Show that $f \in L^{1}(\mu)$ iff $\sum_{n=1}^{\infty}n \mu(B_n) < \infty$ iff $\sum_{n=1}^{\infty}{\mu (A_n)} < \infty$ Let $(X, \mathcal{M}, \mu )$ be a space of finite measure and $f \colon X \rightarrow \mathbb{C}$. For each $n \in \mathbb{N}$, let $A_n = \{ x \in X \colon |f(x)|>n \}$ and $B_n = \{ x \in X \colon n \leq |f(x)|< n+1\}$. Show that the following statements are equivalent:
(a) $f \in L^{1}(\mu)$ 
(b)  $\sum_{n=1}^{\infty}n \mu(B_n) < \infty$
(c) $\sum_{n=1}^{\infty}{\mu (A_n)} < \infty$
Definition: We define $L^1(\mu)$ as the collection of all measurable complex functions $f$ in $X$ for which $\int_{X}{|f|}d \mu < \infty$. The elements of $L^1 (\mu)$ are called Lebesgue integrable functions (with respect to $\mu$) or summable functions.

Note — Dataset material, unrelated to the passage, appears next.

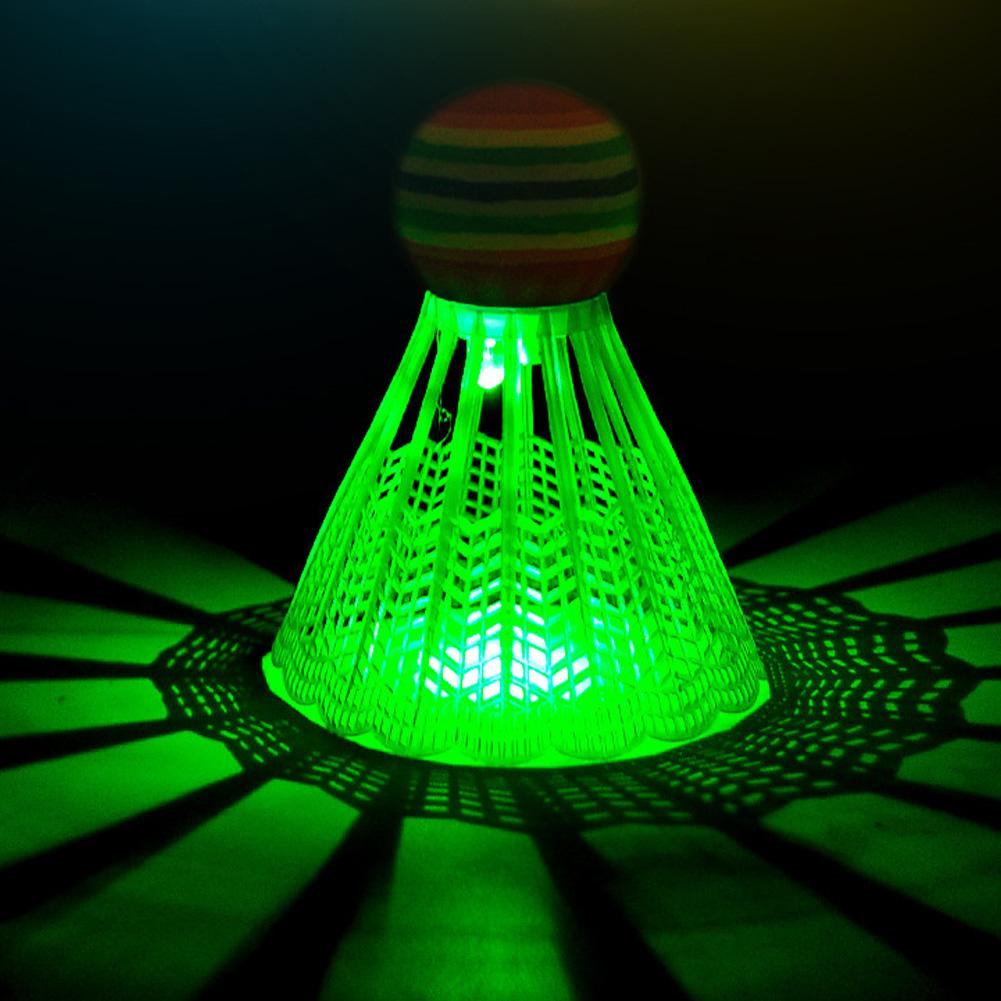 LED Licht Badminton Ball dunkel Nacht Leuchtende Licht-hoch Badminton Federbälle Bunte Beleuchtung Bälle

Definition 2: If $f = u + iv$, where $u$ and $v$ are real functions measurable in $X$, and if $f \in L^1(\mu)$, we define $\int_{E}{f} d\mu = \int_{E}{u^{+}} d\mu - \int_{E}{u^{-}}  d\mu + i\int_{E}{v^{+}} d\mu - i\int_{E}{v^{-}} d\mu $ for each measurable set $E$.
Here $u^{+}$ and $u^{-}$ are the positive and negative parts of $u$; $v^{+}$ and $v^{-}$ are obtained analogously from $v$. These four functions are measurable, real, and non-negative.

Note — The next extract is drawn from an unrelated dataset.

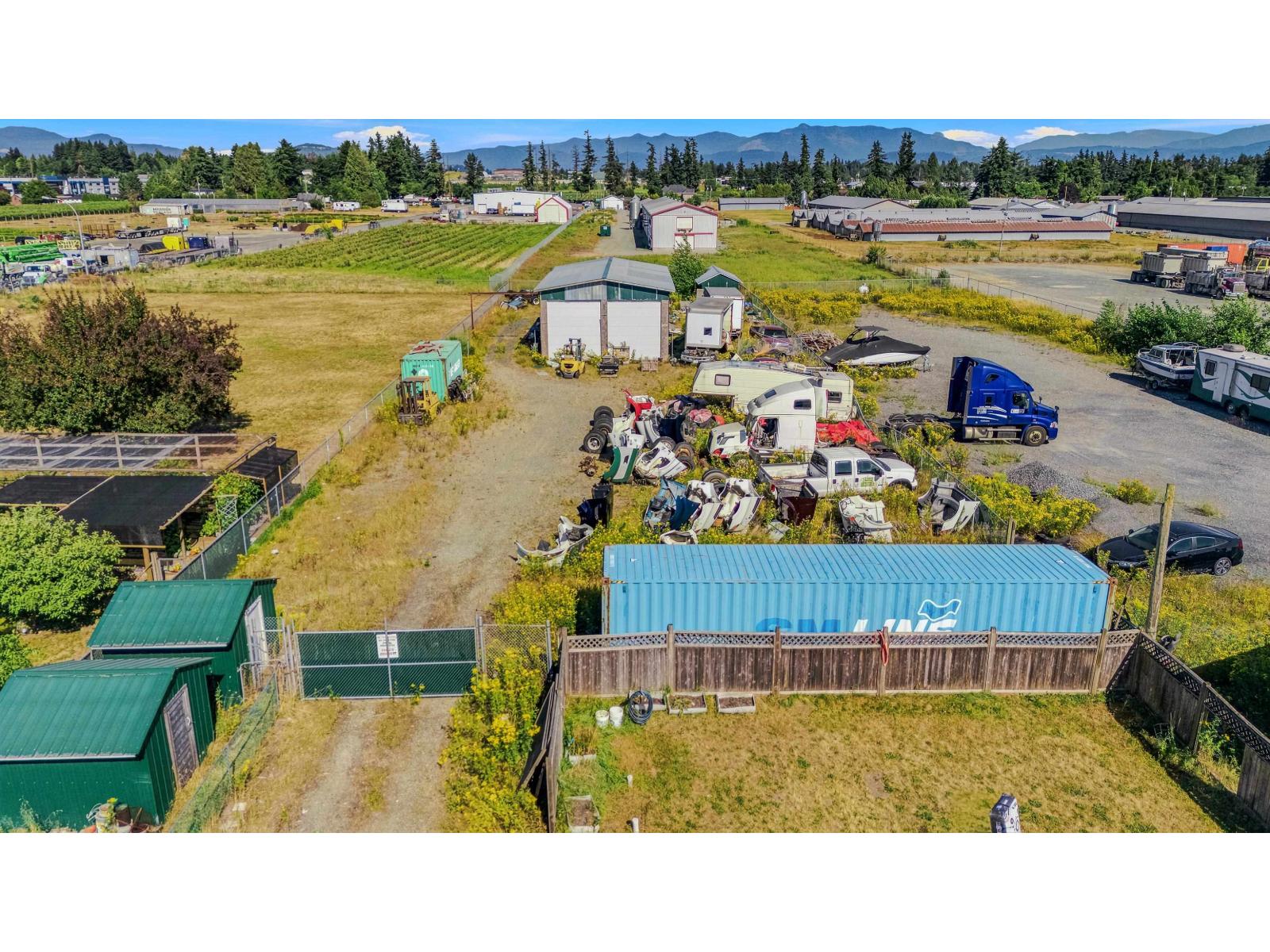 1850 Queen Street Property Photo 7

I wanna do a test for this exercise, but I really don't have a good idea to do it. To show that (a) implies (c), for example, I have thought about defining the function, $f$ let's say: $f(x) = \sum_{n=1}^{\infty}{\chi_{A_n}}(x)$, where $\chi_{A_n}$ is the characteristic function of $A_n$. Then use the following theorem: If $f_n \colon X \rightarrow [0, \infty]$ is measurable, for $n = 1, 2, 3,. . . ,$ and $f(x) = \sum_{n=1}^{\infty}{f_{n}(x)}$ for all $x \in X$, then $\int_{X}{f}d\mu = \sum_{n=1}^{\infty}{\int_{X}{f_{n}d\mu}}$.
To then obtain that $\infty > \int_{X}f d\mu = \sum_{n=1}^{\infty}{\int_{X}{\chi_{A_n}}d\mu} = \sum_{n=1}^{\infty}{\mu (A_n)}$. I'm not sure of my reasoning because the function $f$ is really a complex function. I need some help to do this.
 A: Here is an attempt. (a) $\Rightarrow$ (b).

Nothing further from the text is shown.